━━ Data for this task ━━
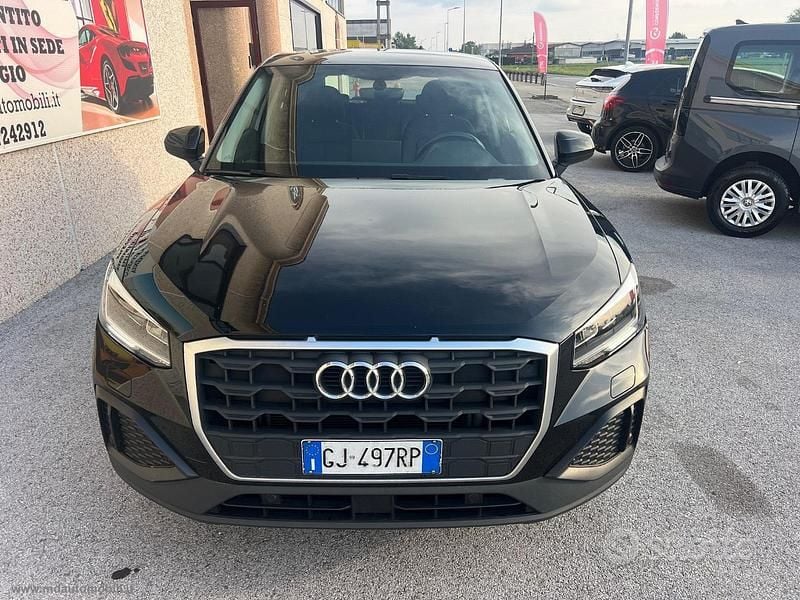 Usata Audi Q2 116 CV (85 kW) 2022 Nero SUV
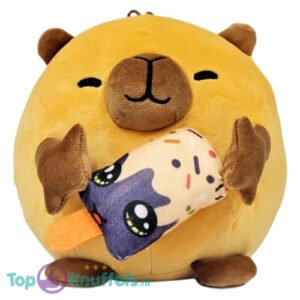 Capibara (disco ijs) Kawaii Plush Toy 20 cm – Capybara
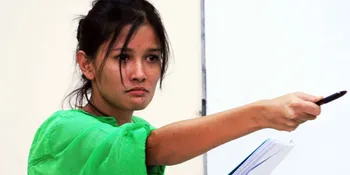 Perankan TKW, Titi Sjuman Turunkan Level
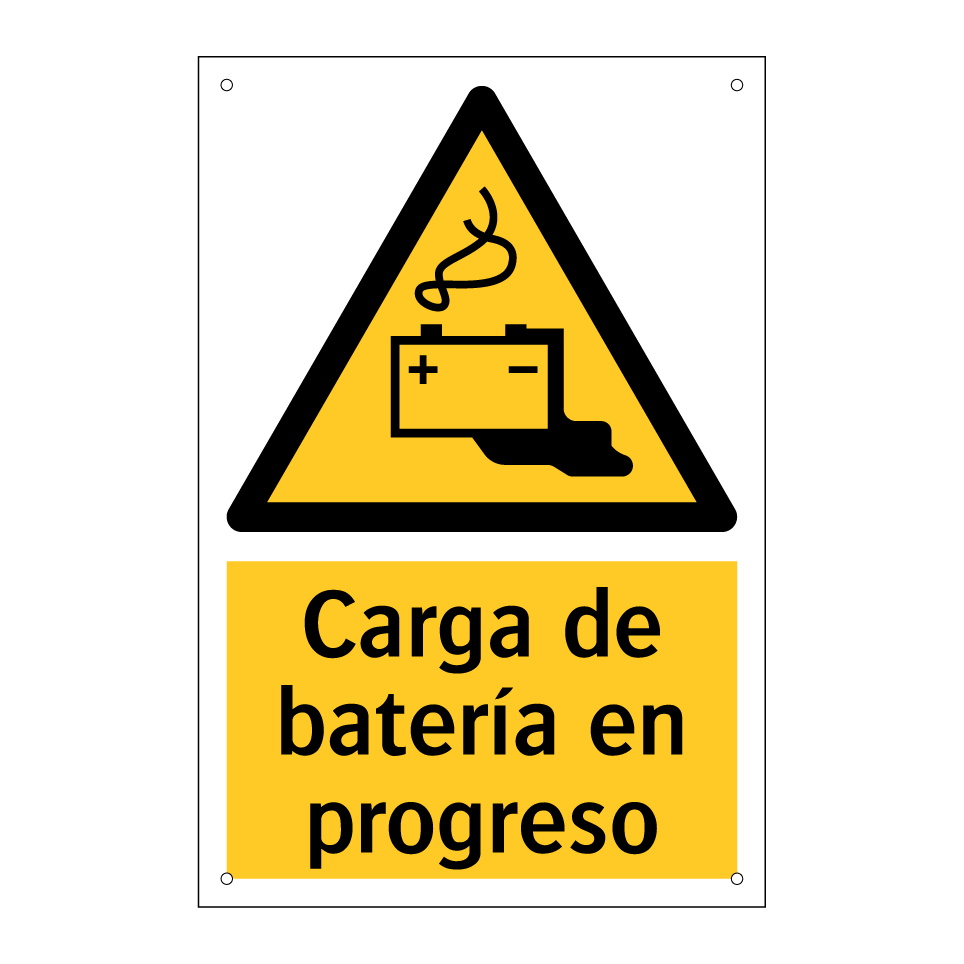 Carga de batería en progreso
━━━
━━ Data for this task ━━
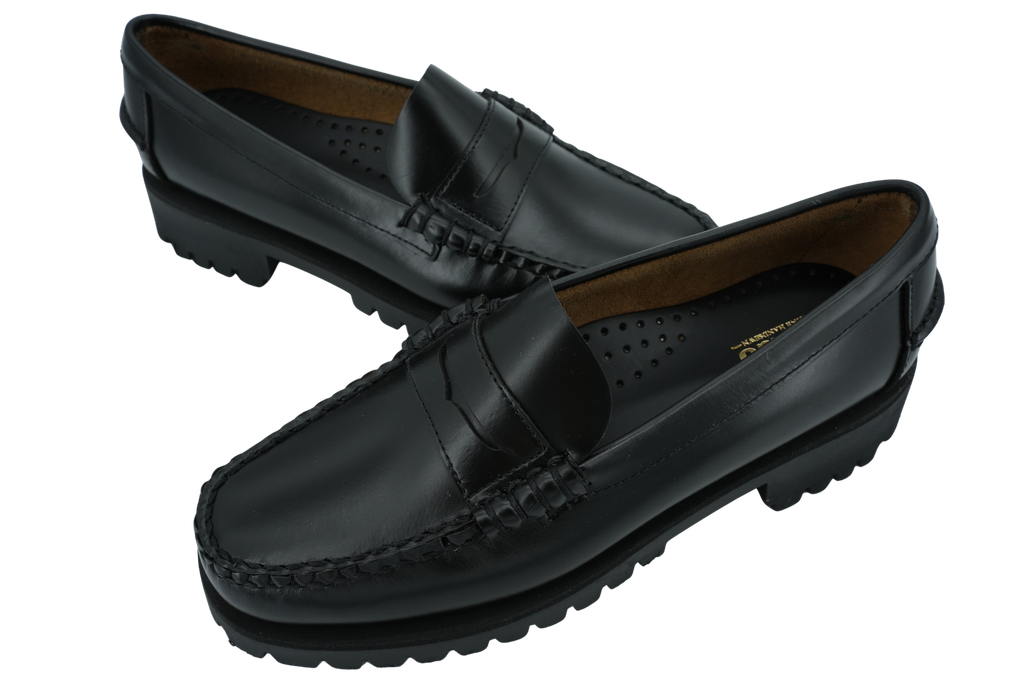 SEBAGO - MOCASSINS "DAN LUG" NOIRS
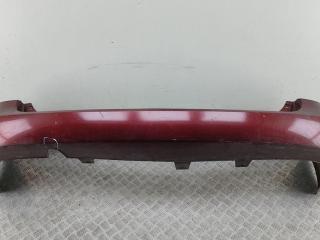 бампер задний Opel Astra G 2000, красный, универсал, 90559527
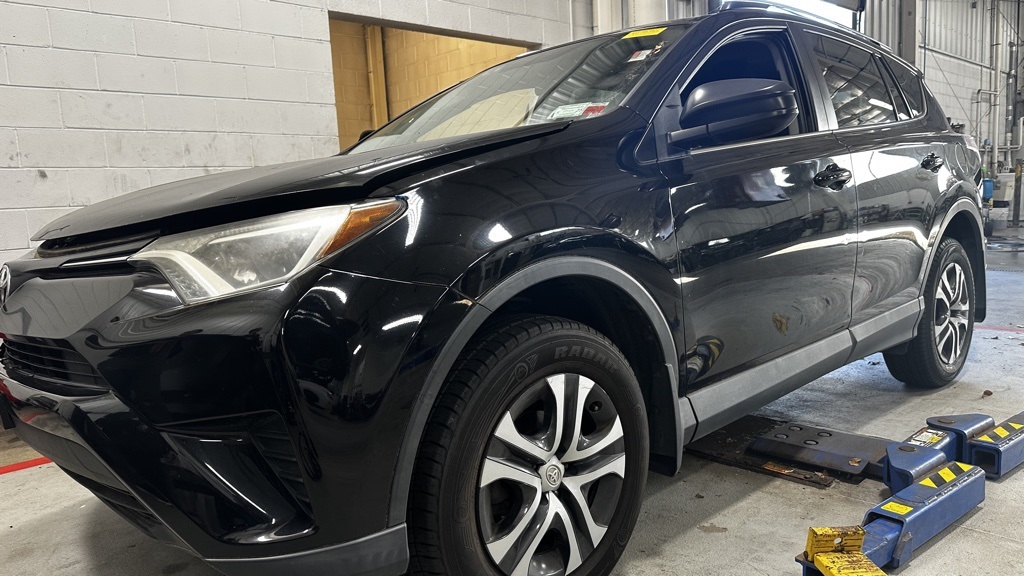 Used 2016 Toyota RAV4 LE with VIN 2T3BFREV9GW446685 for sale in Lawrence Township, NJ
━━━
Only the lines above starting with the line with "Usata Audi Q2 116 CV (85 kW) 2022 Nero SUV" and going on through the line with "Carga de batería en progreso" belong in the answer; repeat them exactly, minus any picture.

-- Task output --
 Usata Audi Q2 116 CV (85 kW) 2022 Nero SUV
 Capibara (disco ijs) Kawaii Plush Toy 20 cm – Capybara
 Perankan TKW, Titi Sjuman Turunkan Level
 Carga de batería en progreso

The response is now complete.